The students who regularly play games identified with the comments and the experiences. They’ve had emotional responses to real-world stimuli based on threats associated with the stimuli in games. They’ve started thinking about performing game behaviors in real world situations; for example, deciding whether they can fit their car through a space based on playing driving games. They’ve thought about solutions to game problems when outside the game environment. They’ve seen life bars hanging over the heads of people in the real world, indicating someone’s strength.

Some of my students aren’t gamers, but they thought about how they responded after binging on a TV show. Maybe you’ve done this even if you’re not a gamer. Have you used Netflix to watch multiple episodes of a TV show in one long session? Have you let Netflix just keep cuing up the next episode? Obsessive TV binging may also lead to continuing thoughts about the video in the real world. These thoughts may lead people to interpret the world and people in terms of the TV show. People certainly think and talk about their shows when they aren’t watching. They probably worry about whether their favorite characters will survive the next episode of Game of Thrones.
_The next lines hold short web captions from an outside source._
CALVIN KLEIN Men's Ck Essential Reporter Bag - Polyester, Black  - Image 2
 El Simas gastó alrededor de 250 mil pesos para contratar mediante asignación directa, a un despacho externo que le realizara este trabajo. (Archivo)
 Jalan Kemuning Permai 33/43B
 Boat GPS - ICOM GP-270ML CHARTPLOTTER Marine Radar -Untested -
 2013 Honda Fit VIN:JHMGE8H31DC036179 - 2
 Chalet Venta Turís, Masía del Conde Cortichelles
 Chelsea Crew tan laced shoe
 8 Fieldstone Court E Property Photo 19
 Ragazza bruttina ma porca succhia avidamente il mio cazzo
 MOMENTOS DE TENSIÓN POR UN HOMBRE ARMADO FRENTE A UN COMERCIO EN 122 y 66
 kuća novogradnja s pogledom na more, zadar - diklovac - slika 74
Gamers often consider game transfer phenomena to be negative, unhealthy, and embarrassing. But I suspect these intrusive thoughts and responses reflect the normal functioning of our cognitive processes. Like other intrusive thoughts, these intrusive game thoughts generally occur in response to environmental stimuli. Additionally, people frequently experience these intrusive thoughts in situations of low cognitive load and automatic activities. Many of these responses seem similar to reports of intrusive memories and flashbacks following traumatic experiences, involuntary memories in general, and even the experience of having a song stuck in one’s head.

All of this points to the nature of intrusive thoughts. Our minds regularly supply us with involuntary thoughts and responses. Something in the environment reminds us of something in our past (whether the real past or the gaming past). The thought pops into awareness as potentially useful. Of course many aren’t useful and many become so primed that they keep returning to awareness. I suspect the critical issue revolves around the content of our involuntary thoughts. When we worry about something and when we focus on something, we will experience intrusive thoughts. The thoughts invade our minds. We see the world through those thoughts. The game invades the mind.

Ortiz de Gortari & Griffiths (2014). Automatic mental processes, automatic actions and behaviors in game transfer phenomena: An empirical self-report study using online forum data. International Journal of Mental health Addiction.